The impeachment trial is set to open around August 25—four days after the Olympics closing ceremony—and last five days before the judgment vote.

The political mess makes an unfortunate backdrop to the Olympics, awarded to Rio de Janeiro in 2009 when Rousseff’s predecessor and political mentor Luiz Inacio Lula da Silva was hugely popular.

Now, not only is Rousseff facing oblivion, but Lula is set to go on trial for obstruction of justice charges. He also faces corruption allegations that could sink his hopes of returning to power in the 2018 elections.

Rousseff, 68, is a former leftist guerrilla who was jailed and tortured by the country’s military regime in the 1970s.

She rode Lula’s coattails to power when term limits forced him to step down in 2011.

But the buoyant national mood soon deflated as Brazil’s booming economy sank into its worst recession in 80 years and a huge corruption scandal erupted at state oil giant Petrobras.

Rousseff is not facing corruption charges in the wide-ranging scandal. But she has been tainted by its stain on her Workers’ Party, which is accused of lining its coffers with some of the missing billions.

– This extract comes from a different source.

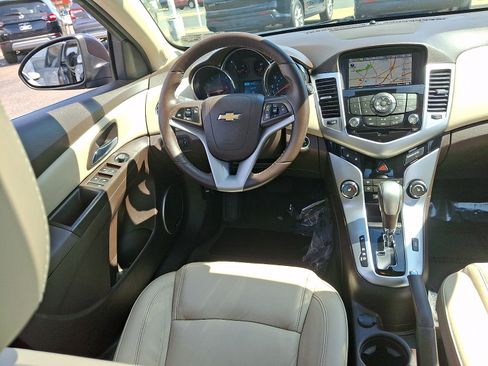 Used 2014 Chevrolet Cruze LTZ w/ Sun, Sound and Sport Package FWD image 10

If Rousseff is removed from office, Temer, her center-right running mate turned opponent, will become the full-fledged president until the next presidential election in 2018.

He has urged the Senate to move quickly, saying “people need to know who the president is.”

Disgust with the entire political class is widespread in Brazil.

Temer, 75, presided over the Olympics opening ceremony Friday, drawing boos from the crowd—just as Rousseff did at the opener of the 2014 World Cup.